Study of spin states in vacuum pair production via the Dirac-Heisenberg-Wigner formalism

TL;DR

This paper develops a general spin-resolved momentum distribution for electron-positron pairs produced from the QED vacuum under strong external fields by integrating the covariant spin projection operator with the Dirac-Heisenberg-Wigner (DHW) formalism. It shows that helicity-resolved distributions are a special case of the spin-resolved framework and provides explicit expressions for f_s^{±} in terms of DHW components, with special reductions when the field is spatially homogeneous. Numerical studies for a left-handed circularly polarized field reveal that with zero z-component of the spin direction, spin-up and spin-down densities are equal but their momentum distributions are anisotropic; when z-component is nonzero, large spin-density differences can arise due to angular-momentum transfer in multiphoton absorption, which decrease as field strength increases or frequency decreases. The work elucidates angular-momentum transfer from fields to matter in extreme environments, links spin asymmetry to production mechanisms (multiphoton vs tunneling), and extends the DHW-based spin analysis to general spin states and potentially to spatially inhomogeneous fields.

Abstract

A general spin-resolved momentum distribution of electron-positron pairs produced in strong external fields is derived by combining the covariant spin projection operator and the Dirac-Heisenberg-Wigner (DHW) formalism.
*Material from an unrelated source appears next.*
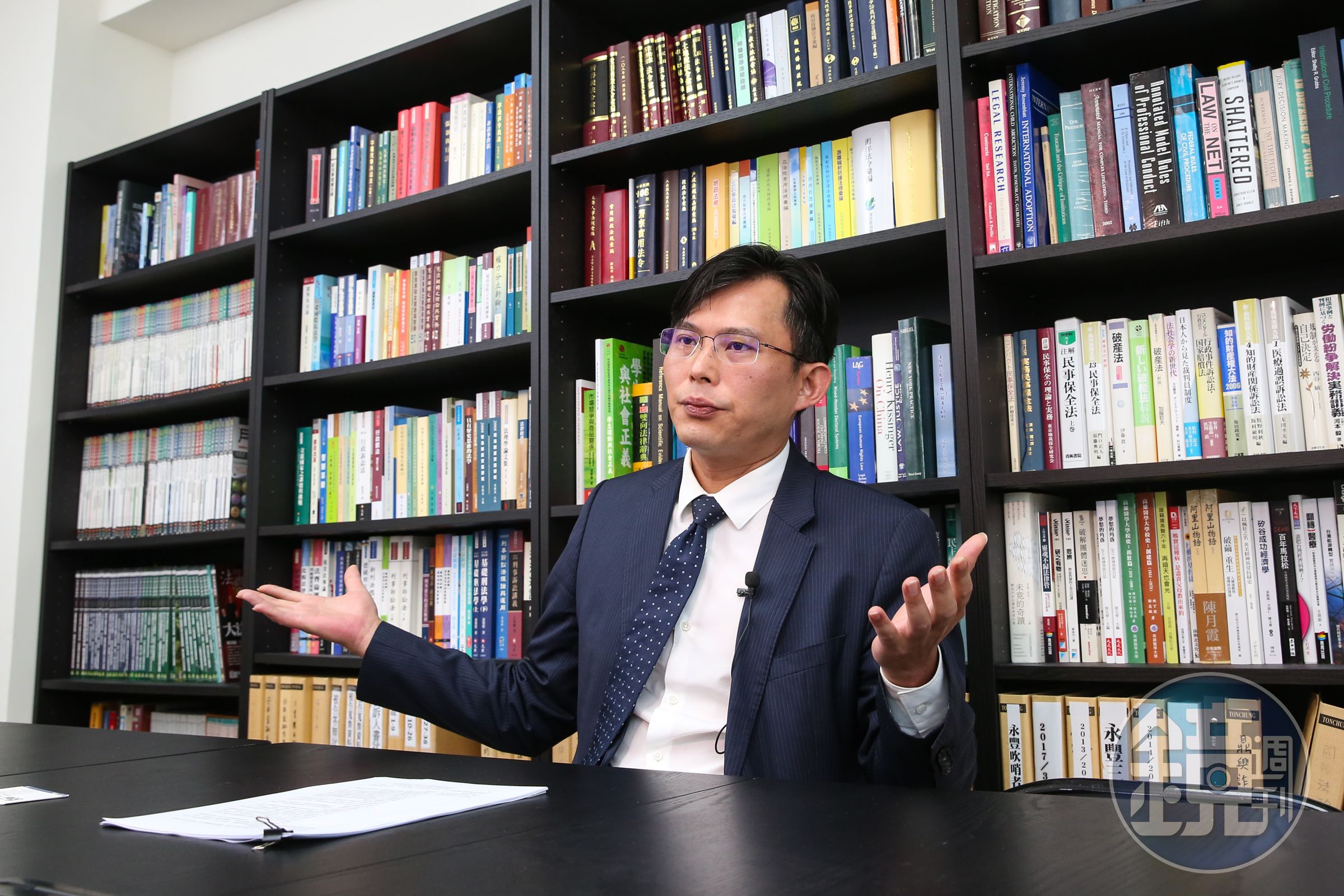 網紅四叉貓在臉書發文,稱負責拆除黃國昌老家的營造公司,地址跟黃國昌的板橋服務處相同。(本刊資料照)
The result shows that the spin-resolved and helicity-resolved momentum distributions given in previous literature are actually two special cases of it. For any spin-direction unit vector, numerical investigations demonstrate that when the $z$-component of the unit vector vanishes, the number density of produced spin-up and spin-down particles is equal, while their momentum distributions have some asymmetry. For a nonzero $z$-component of the unit vector, there is a difference of $1-3$ orders of magnitude in the number density of spin-up and spin-down particles induced by angular momentum transfer in multiphoton absorption. Moreover, as the electric field strength increases and/or the field frequency decreases, the asymmetry between the spin-up and spin-down particle number density decreases rapidly. These results offer an approach to study general spin states in vacuum pair production, and enhance our understanding of angular momentum transfer from fields to matter in extreme environments.

Figures (5)

• Figure 1: The spin-resolved momentum distribution functions and the spin asymmetry degree $\kappa$ of positrons for selecting $\mathbf{s}=(1/\sqrt{2}, 1/\sqrt{2}, 0)$. Panels (a) and (d) correspond to the spin-up case, while panels (b) and (e) correspond to the spin-down case. Panels (c) and (f) denote the spin asymmetry degree. The first and second rows correspond to the momentum planes $(q_x=0, q_y, q_z)$ and $(q_x, q_y=0, q_z)$, respectively. The electric field parameters are $E_0=0.5E_{\mathrm{cr}}$, $\Omega=0.5m$, and $\sigma=5$.
• Figure 2: The spin-resolved momentum distribution functions and the spin asymmetry degree $\kappa$ of positrons for choosing $\mathbf{s}=(1/\sqrt{2}, 0, 1/\sqrt{2})$. Panels (a), (d), and (g) correspond to the spin-up case, while (b), (e), and (h) represent the spin-down case. Panels (c), (f), and (i) denote the spin asymmetry degree. The first, second, and third rows correspond to the momentum planes $(q_x, q_y, q_z=0)$, $(q_x=0, q_y, q_z)$, and $(q_x, q_y=0, q_z)$, respectively. The electric field parameters are $E_0=0.5E_{\mathrm{cr}}$, $\Omega=0.5m$, and $\sigma=5$.
• Figure 3: The spin-up particle number density (left panel) and the spin-down particle number density (right panel) for any spin-direction unit vector $\mathbf{s}=\left( s_x, s_y, \sqrt{1-s_{x}^{2}-s_{y}^{2}} \right)$. The electric field parameters are $E_0=0.3\sqrt{2}E_{\mathrm{cr}}$, $\Omega=0.65m$, and $\sigma=13\sqrt{2}$.
• Figure 4: The spin asymmetry degree $\kappa_N$ as a function of the electric field amplitude $E=E_0/\sqrt{2}$ for the spin-direction unit vector $\mathbf{s}=(0, 0, 1)$. The solid gray line represents the fitted curve for $\kappa_N$. Other electric field parameters are $\sigma=10\sqrt{2}$ and $\Omega=0.5m$ for the upper panel, and $\sigma=13\sqrt{2}$ and $\Omega=0.65m$ for the lower panel.
• Figure 5: The spin asymmetry degree $\kappa_N$ as a function of the electric field frequency $\Omega$ for the spin-direction unit vector $\mathbf{s}=(0, 0, 1)$. The blue dashed line and red dotted line represent the results in the momentum planes $q_z=0$ and $q_z=0.3m$, respectively. Other electric field parameters are $E_0=0.1\sqrt{2}E_{\mathrm{cr}}$ and $\sigma=20\sqrt{2}\Omega/m$.